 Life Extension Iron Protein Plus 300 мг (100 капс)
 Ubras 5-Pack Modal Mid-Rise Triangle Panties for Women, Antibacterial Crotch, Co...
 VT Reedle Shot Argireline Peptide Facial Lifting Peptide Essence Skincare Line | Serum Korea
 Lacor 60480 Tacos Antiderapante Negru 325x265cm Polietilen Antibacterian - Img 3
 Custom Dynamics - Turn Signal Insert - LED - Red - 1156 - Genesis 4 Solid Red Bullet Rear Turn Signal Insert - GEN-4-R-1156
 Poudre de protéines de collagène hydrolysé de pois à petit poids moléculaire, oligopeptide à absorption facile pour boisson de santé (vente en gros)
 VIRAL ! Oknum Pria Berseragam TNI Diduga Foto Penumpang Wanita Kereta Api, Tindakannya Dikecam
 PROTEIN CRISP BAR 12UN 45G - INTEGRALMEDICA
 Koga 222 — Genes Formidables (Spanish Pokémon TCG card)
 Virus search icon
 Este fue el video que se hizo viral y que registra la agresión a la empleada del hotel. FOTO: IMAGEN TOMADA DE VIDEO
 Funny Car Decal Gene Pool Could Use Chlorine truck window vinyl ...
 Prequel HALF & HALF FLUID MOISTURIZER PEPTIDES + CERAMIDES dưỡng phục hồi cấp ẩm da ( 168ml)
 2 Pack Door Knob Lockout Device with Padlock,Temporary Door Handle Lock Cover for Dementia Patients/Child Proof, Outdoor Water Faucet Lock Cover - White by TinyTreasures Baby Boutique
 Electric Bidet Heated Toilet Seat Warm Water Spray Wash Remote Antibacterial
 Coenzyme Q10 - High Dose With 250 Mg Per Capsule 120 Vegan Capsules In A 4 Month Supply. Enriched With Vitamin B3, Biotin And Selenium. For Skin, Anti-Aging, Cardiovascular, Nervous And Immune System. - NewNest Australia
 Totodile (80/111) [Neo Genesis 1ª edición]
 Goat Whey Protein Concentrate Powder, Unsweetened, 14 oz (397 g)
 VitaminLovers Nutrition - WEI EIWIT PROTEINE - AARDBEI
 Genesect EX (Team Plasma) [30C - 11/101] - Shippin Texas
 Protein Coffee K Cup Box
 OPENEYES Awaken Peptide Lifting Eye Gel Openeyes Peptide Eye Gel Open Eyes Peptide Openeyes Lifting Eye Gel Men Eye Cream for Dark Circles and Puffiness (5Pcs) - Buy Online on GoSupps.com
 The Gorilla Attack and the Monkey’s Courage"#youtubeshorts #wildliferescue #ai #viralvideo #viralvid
==================================================
• TASK STATEMENT:
In the data above, retype exactly and only the lines between the one holding "Funny Car Decal" and the one holding "Electric Bidet Heated", inclusive.

• TASK RESULT:
 Funny Car Decal Gene Pool Could Use Chlorine truck window vinyl ...
 Prequel HALF & HALF FLUID MOISTURIZER PEPTIDES + CERAMIDES dưỡng phục hồi cấp ẩm da ( 168ml)
 2 Pack Door Knob Lockout Device with Padlock,Temporary Door Handle Lock Cover for Dementia Patients/Child Proof, Outdoor Water Faucet Lock Cover - White by TinyTreasures Baby Boutique
 Electric Bidet Heated Toilet Seat Warm Water Spray Wash Remote Antibacterial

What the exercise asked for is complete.